(Extracted entries):
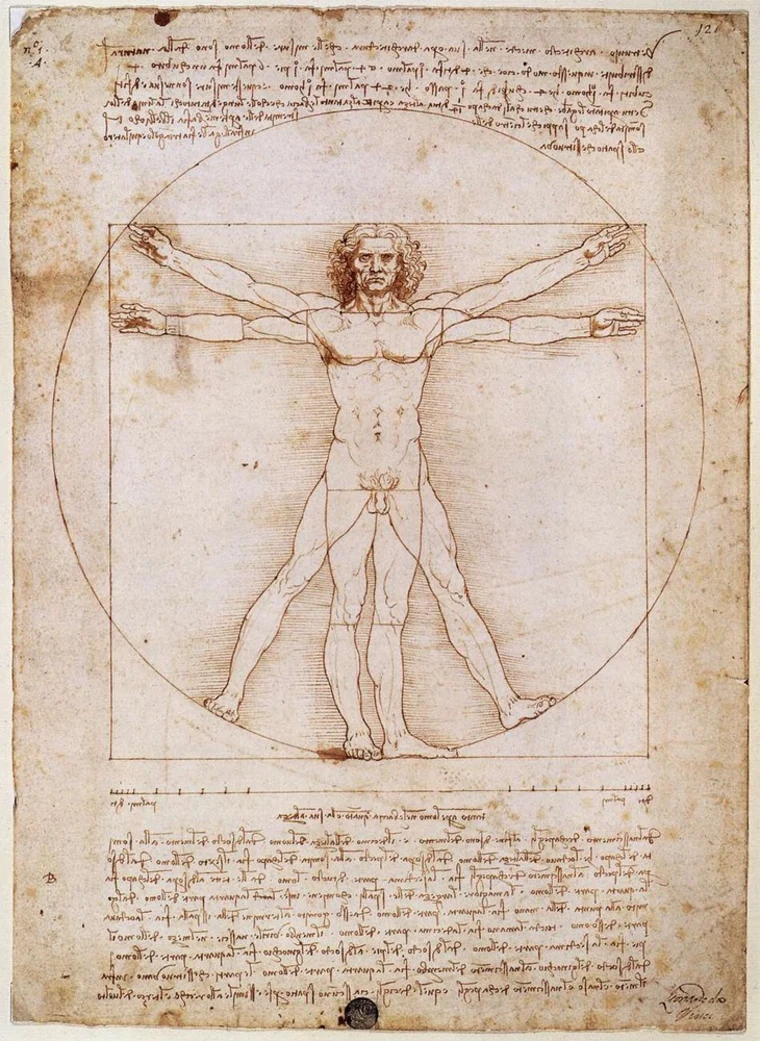 Leonardo da Vinci's drawing of the Vitruvian Man, a figure inscribed in a circle and a square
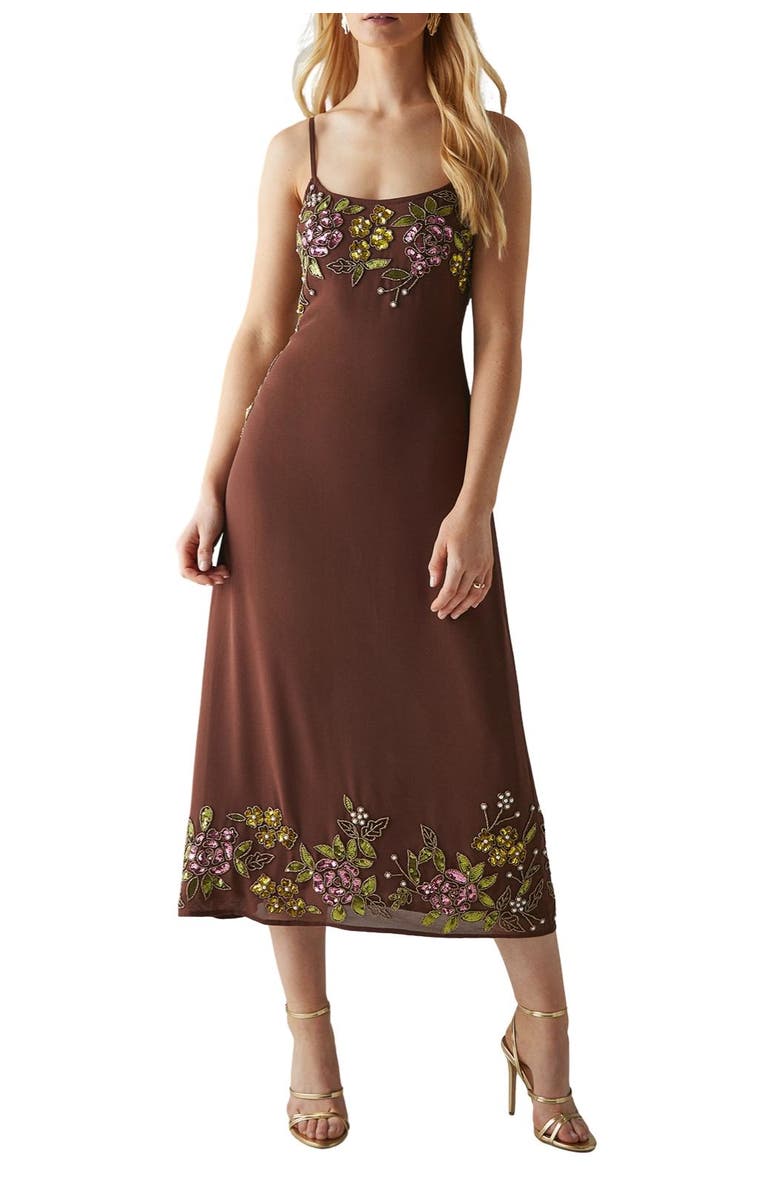 Warehouse Embellished Strappy Sequin Midi Dress, Alternate, color, Chocolate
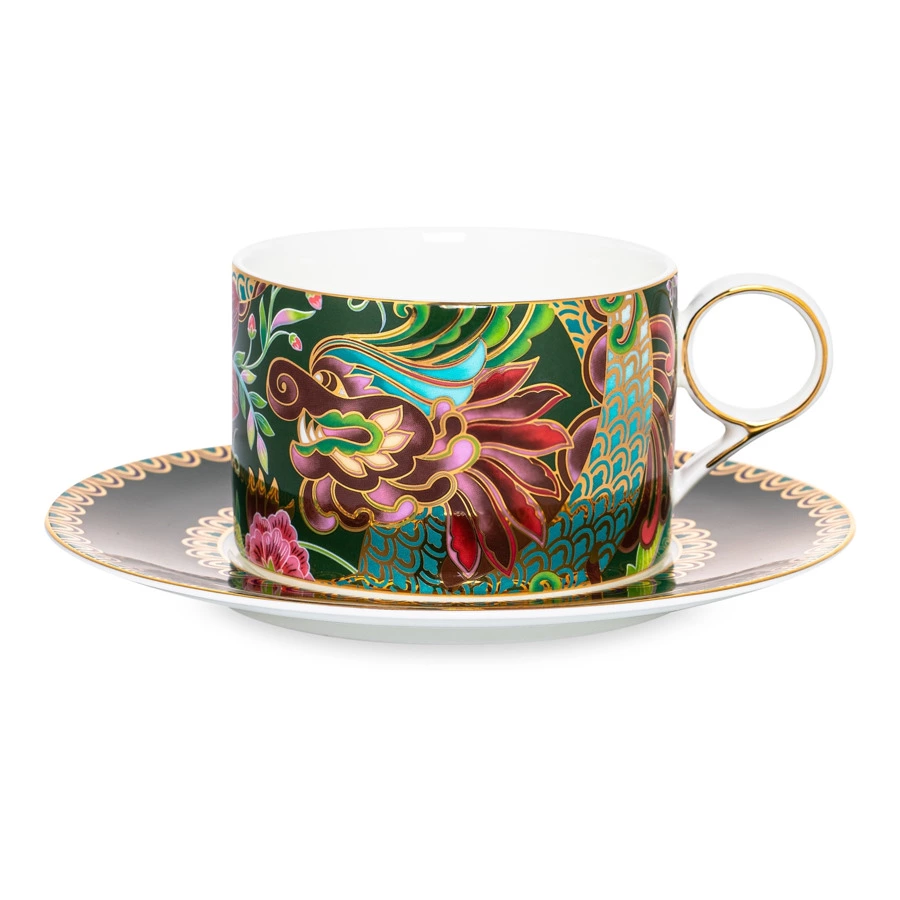 Чашка чайная с блюдцем Mix&Match Home Волшебный Дракон, фарфор, зеленая
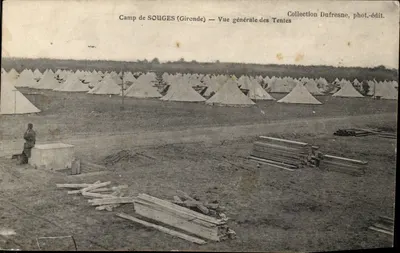 Campo de SOUGES (Gironde) — Vista geral das Tendas — Coleção Dufresne, fot.-editora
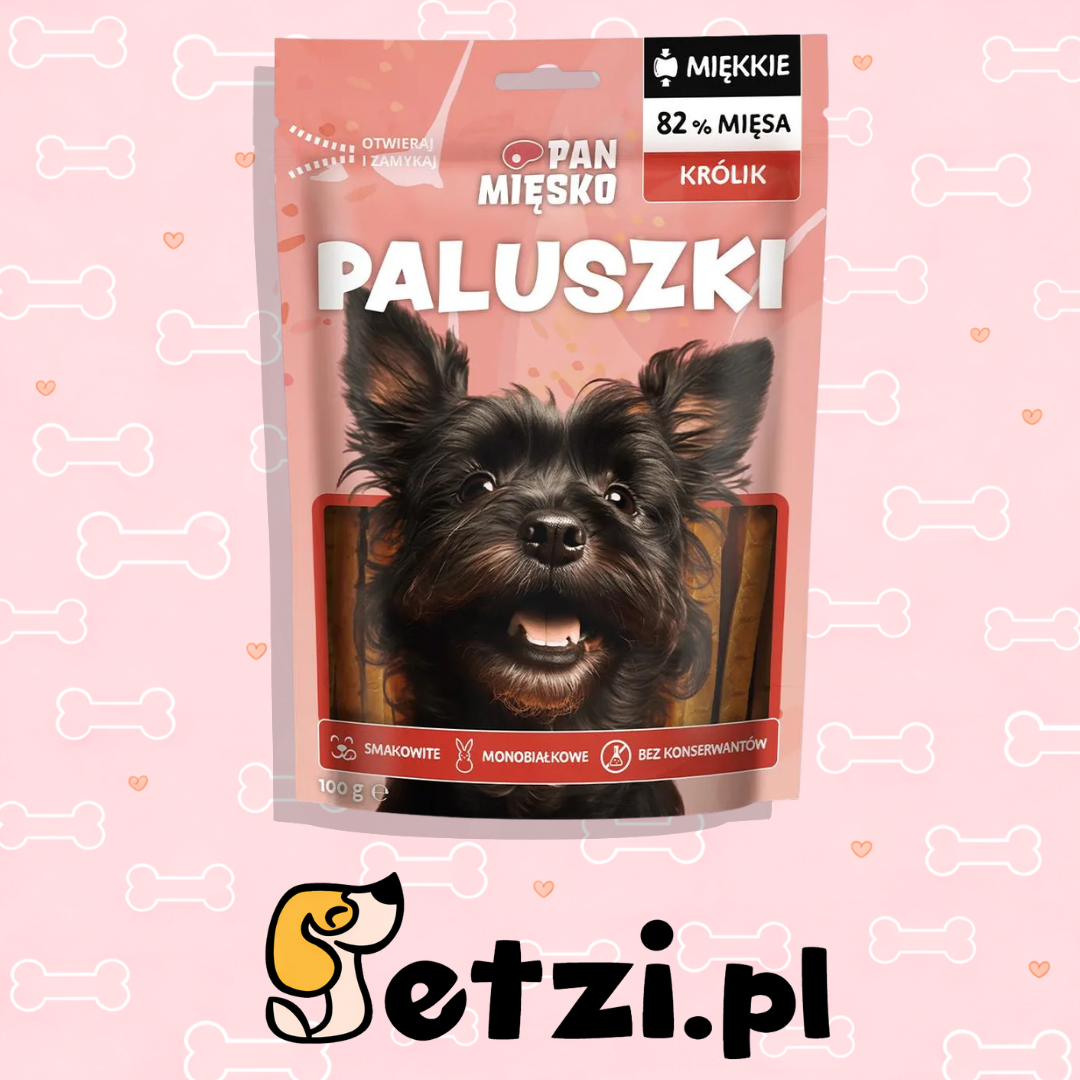 PAN MIĘSKO PRZYSMAKI DLA PSA PALUSZKI KRÓLIK 100G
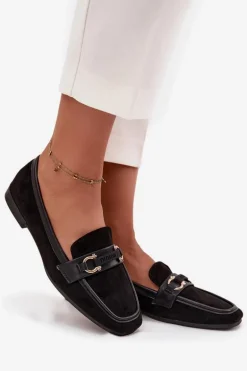 Mokasyny Loafersy Damskie Z Ozdobnym Elementem Czarne Evelora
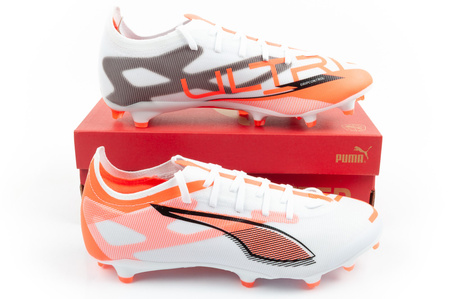 Ghete de fotbal Puma Ultra 5 Match FG/AG, Teren Ferm, Alb/Portocaliu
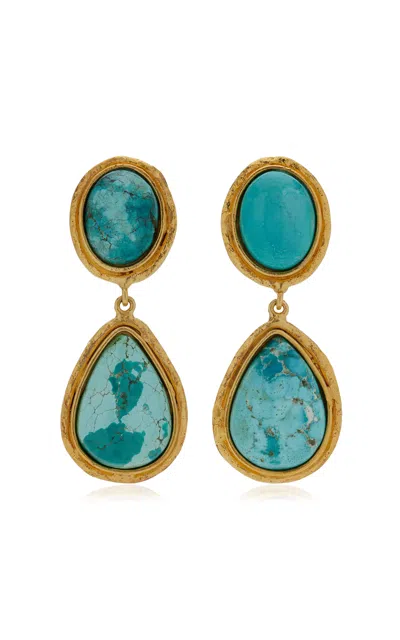 Sylvia Toledano 18k Gold Plated One Of A Kind Turquoise Earrings In Blue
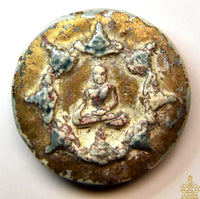 Grande amulette / tablette votive de Jatukham Rammathep et Phra Rahu en céramique céladon avec feuille d’or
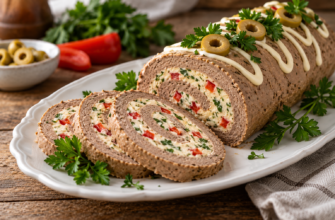 Печеночный паштет в рулете с плавленым сыром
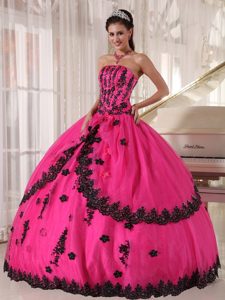 Attractive Hot Pink Strapless Appliques Quinceanera Gowns Lace Hem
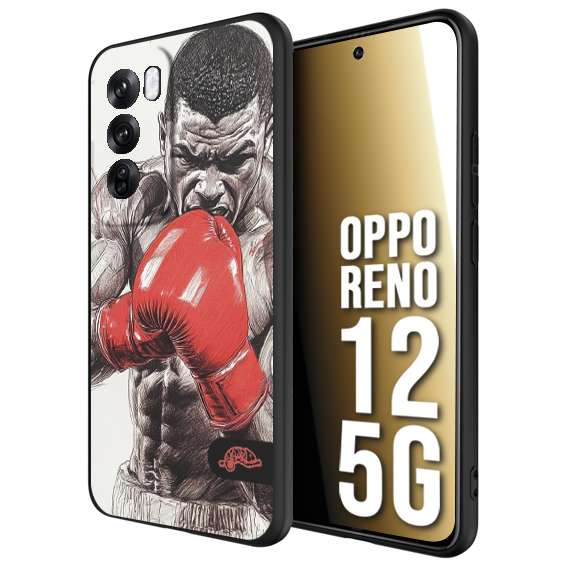 CUSTOMIZZA - Custodia cover nera morbida in tpu compatibile per Oppo Reno 12 5G pugilato pugili disegno tattoo guantoni box pesi massimi gancio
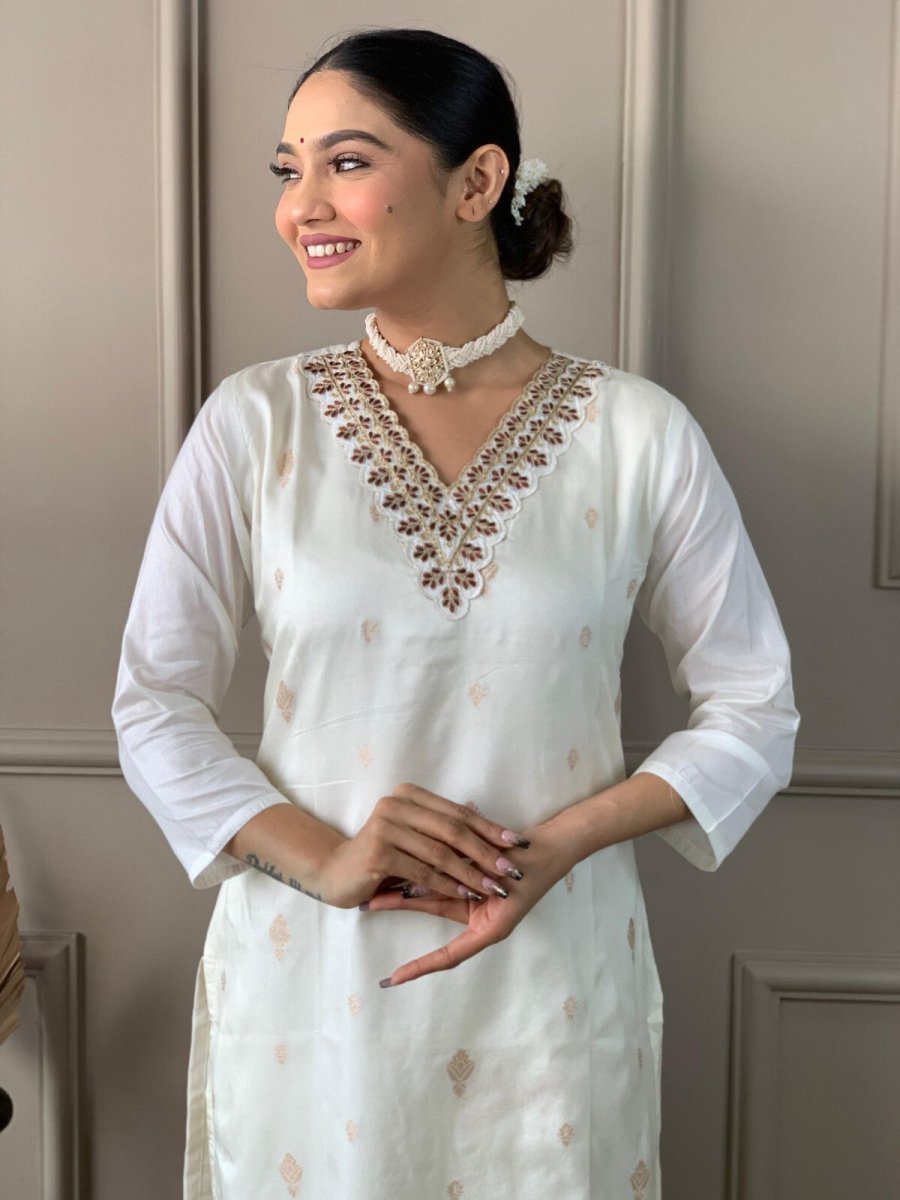 Elegant Cotton Straight Suit with Handwork – 3 - Piece Set Salwar kameez - 001FASHIONFORWARD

(Directions):
Reproduce the lines above starting at the one with "Warehouse Embellished Strappy" and ending at the one with "Ghete de fotbal", both included, exactly and with no pictures.

(Exercise result):
 Warehouse Embellished Strappy Sequin Midi Dress, Alternate, color, Chocolate
 Чашка чайная с блюдцем Mix&Match Home Волшебный Дракон, фарфор, зеленая
 Campo de SOUGES (Gironde) — Vista geral das Tendas — Coleção Dufresne, fot.-editora
 PAN MIĘSKO PRZYSMAKI DLA PSA PALUSZKI KRÓLIK 100G
 Mokasyny Loafersy Damskie Z Ozdobnym Elementem Czarne Evelora
 Ghete de fotbal Puma Ultra 5 Match FG/AG, Teren Ferm, Alb/Portocaliu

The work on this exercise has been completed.